__EXTRACTED DATA__
--------------------------------------------------
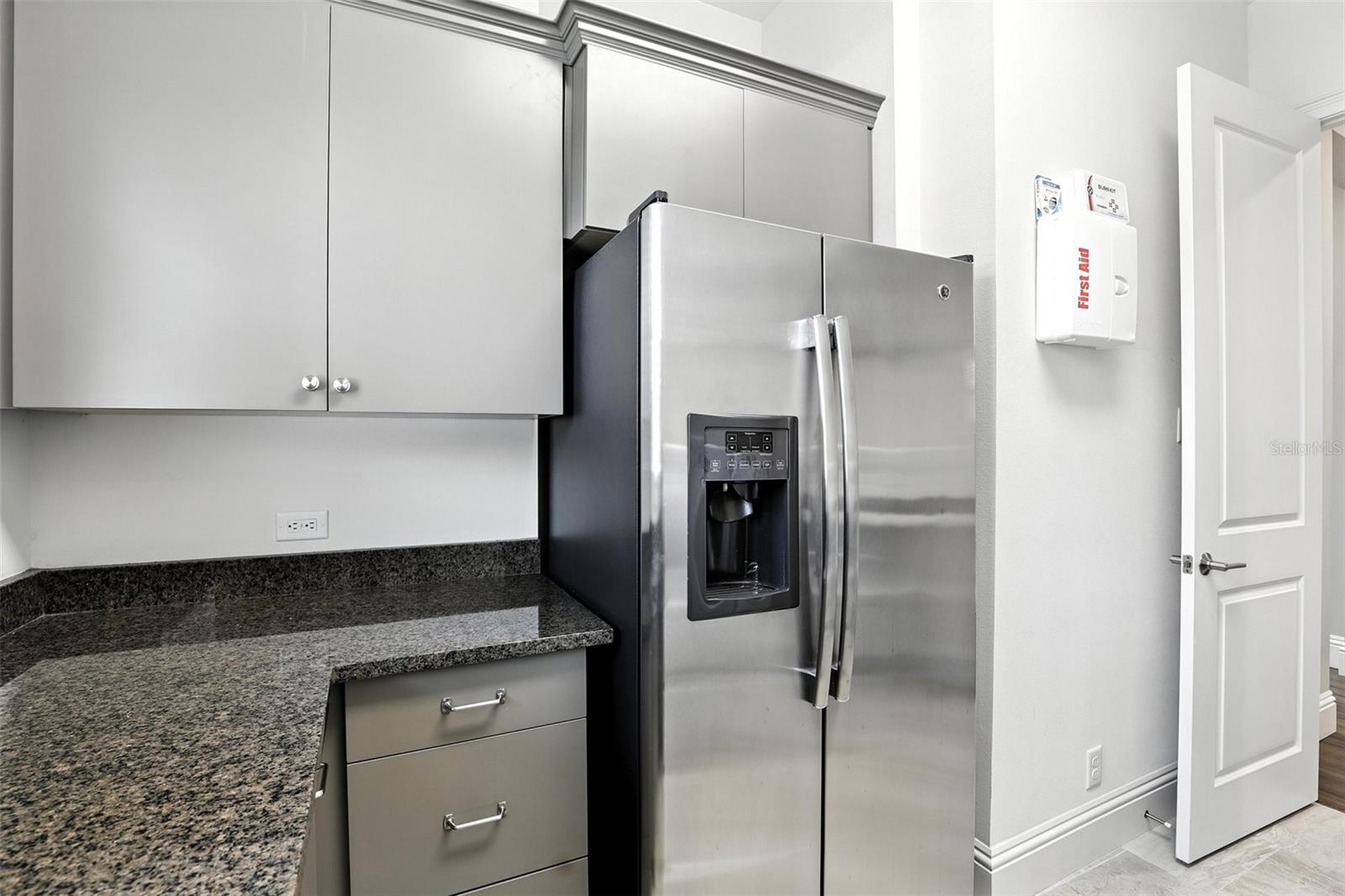 O6319854 Property Photo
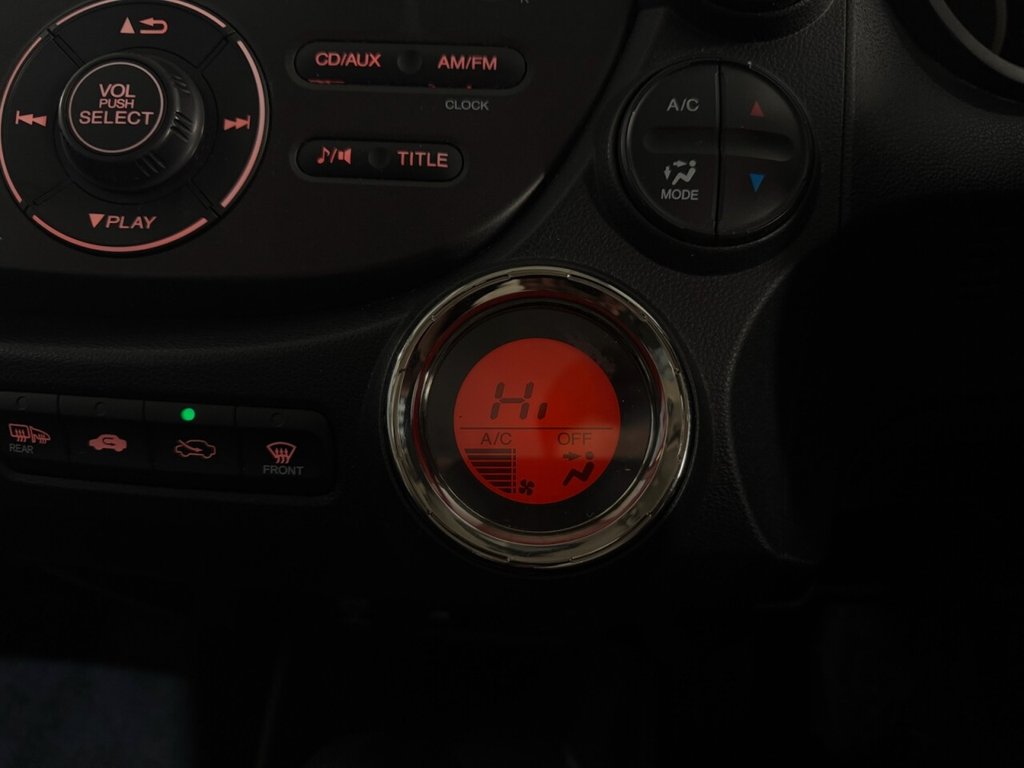 Used Honda Jazz 2011 for sale - 76558465: Photo 41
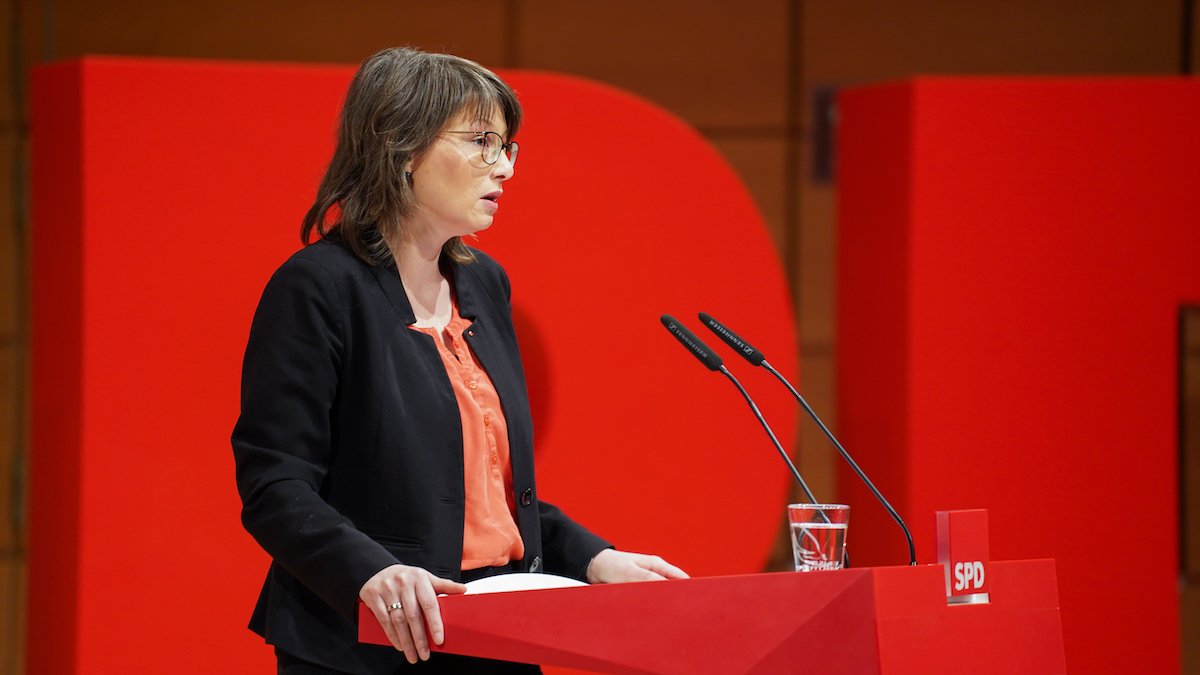 Foto: Katja Pähle redet beim SPD-Ostkonvent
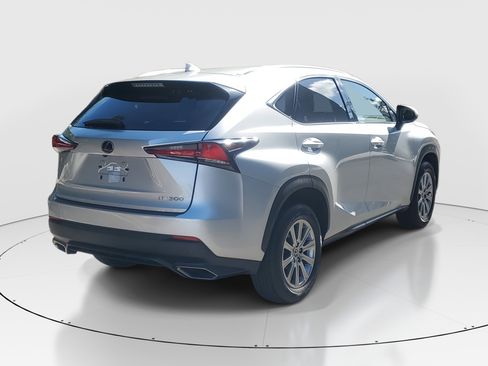 Used 2018 Lexus NX 300 FWD image 7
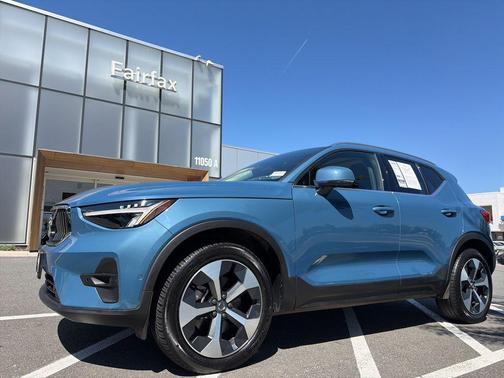 Fjord Blue Metallic 2025 Volvo XC40 B5 Plus Bright Theme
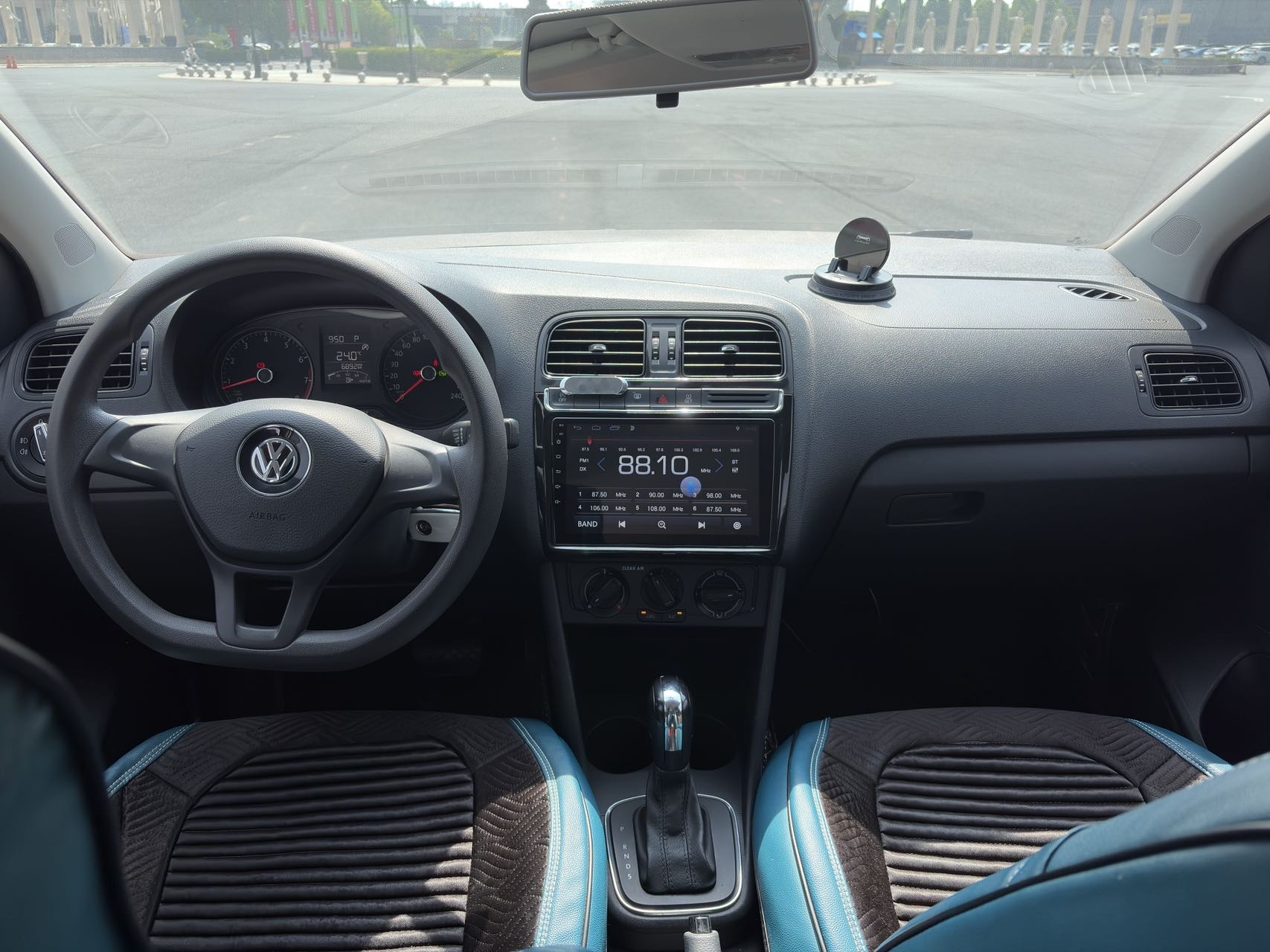 Volkswagen Polo 2018 car image #8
--------------------------------------------------
__ACTIVITY__
Repeat the listing in full and to the letter, excluding every image.

__ANSWER BOX__
 O6319854 Property Photo
 Used Honda Jazz 2011 for sale - 76558465: Photo 41
 Foto: Katja Pähle redet beim SPD-Ostkonvent
 Used 2018 Lexus NX 300 FWD image 7
 Fjord Blue Metallic 2025 Volvo XC40 B5 Plus Bright Theme
 Volkswagen Polo 2018 car image #8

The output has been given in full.